A woman going through NPC sorority recruitment who has a mother, grandmother, or sister initiated into a particular sorority is considered a legacy of that organization. Some groups also include other relatives and step-relatives in the definition of legacy. It is possible for a woman to be a legacy to several chapters. 

Several of the 26 NPC organizations each have a pair of real sisters among their founders. Alpha Gamma Delta has Marguerite and Estelle Shepard. Helene and Adriance Rice founded Alpha Sigma Tau. Frances and Almira Cheney belong to Alpha Xi Delta and Clara and Emma Brownlee founded Pi Beta Phi. Phi Sigma Sigma’s founders include Ethel and Lillian Gordon. Only one organization, Theta Phi Alpha, has two sets of sisters among the founders – May and Camilla Ryan, and Katrina and Dorothy Caughey.

The sad fact is that not everyone’s daughter, granddaughter, or sister is going to end up wearing the pin of her legacy organization. Perhaps the number of legacies going through is too large to invite everyone back for more than one day.  Or maybe, it isn’t a good match. The PNM might want to follow her own heart. 

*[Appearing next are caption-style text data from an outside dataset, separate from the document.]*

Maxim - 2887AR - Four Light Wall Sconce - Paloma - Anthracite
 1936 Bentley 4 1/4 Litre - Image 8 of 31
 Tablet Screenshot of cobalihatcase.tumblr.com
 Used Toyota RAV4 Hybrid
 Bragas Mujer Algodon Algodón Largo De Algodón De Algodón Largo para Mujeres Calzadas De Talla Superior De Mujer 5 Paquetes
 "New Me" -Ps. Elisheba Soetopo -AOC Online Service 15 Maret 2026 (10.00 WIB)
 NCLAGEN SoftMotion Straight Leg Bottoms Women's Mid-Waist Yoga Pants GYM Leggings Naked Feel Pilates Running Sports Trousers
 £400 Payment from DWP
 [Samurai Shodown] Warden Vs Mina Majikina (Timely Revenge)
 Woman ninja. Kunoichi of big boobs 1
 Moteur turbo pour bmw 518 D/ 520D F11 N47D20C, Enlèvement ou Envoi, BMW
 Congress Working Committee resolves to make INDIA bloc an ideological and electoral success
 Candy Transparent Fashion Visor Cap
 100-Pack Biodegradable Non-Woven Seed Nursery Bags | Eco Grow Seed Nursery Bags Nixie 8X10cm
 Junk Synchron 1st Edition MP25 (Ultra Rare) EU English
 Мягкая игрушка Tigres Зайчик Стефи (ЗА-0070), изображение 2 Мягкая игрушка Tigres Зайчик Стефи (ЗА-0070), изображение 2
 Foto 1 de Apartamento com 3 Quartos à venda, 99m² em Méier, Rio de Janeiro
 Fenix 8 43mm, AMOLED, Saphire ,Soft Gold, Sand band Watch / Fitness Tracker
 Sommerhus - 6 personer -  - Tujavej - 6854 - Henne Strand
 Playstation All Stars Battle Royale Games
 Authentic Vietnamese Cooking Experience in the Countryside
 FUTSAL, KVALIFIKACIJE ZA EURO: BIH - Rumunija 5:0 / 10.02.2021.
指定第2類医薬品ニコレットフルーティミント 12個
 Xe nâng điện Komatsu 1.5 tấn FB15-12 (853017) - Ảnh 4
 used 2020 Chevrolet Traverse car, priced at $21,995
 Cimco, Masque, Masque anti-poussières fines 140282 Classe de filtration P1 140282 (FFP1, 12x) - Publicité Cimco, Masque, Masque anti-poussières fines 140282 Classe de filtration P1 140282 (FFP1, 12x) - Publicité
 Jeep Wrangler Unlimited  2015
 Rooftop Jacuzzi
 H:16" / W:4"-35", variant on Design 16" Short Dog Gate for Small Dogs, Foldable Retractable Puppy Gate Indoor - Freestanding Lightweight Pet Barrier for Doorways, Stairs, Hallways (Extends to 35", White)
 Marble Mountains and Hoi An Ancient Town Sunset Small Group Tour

Whatever the reason, dreams sometimes die when a PNM opens a bid card and on it is an organization other than the one to which her mother, grandmother, or sister belong. And the dream that dies is usually the one belonging to the relative(s) of the new member.

To the ones who suffer hurt on Bid Day, my advice is to change the dream. The experience your daughter, granddaughter, or sister will have in any of the 26 NPC groups is essentially the same. And chances are very good that if she dedicates herself to the organization, she will leave it with the same feelings and love for her organization that you have for yours. In the end, isn’t that what you want for her?

Enjoy giving her things with her letters or symbols. Send her flowers after initiation. Revel in your time with her and the chapter at Parent’s Weekend, Homecoming, and Mom’s Weekend, or anytime you visit her. Become involved if the chapter has a Mom’s Club.

Yes, feeling sadness when a dream dies is normal.  If your legacy was raised with your sorority songs being sung to her when she was a baby, to helping with alumnae club or chapter advising, to touring your organization’s chapter house on campus visits, then the hurt will sting a little more. Don’t let your hurt affect your legacy’s experience. Let her enjoy it just as you enjoyed yours. Genuinely support her. Help her leave her chapter on graduation day feeling the same love for her organization as you do for yours. That is one of the greatest joys you can give her during her time at college.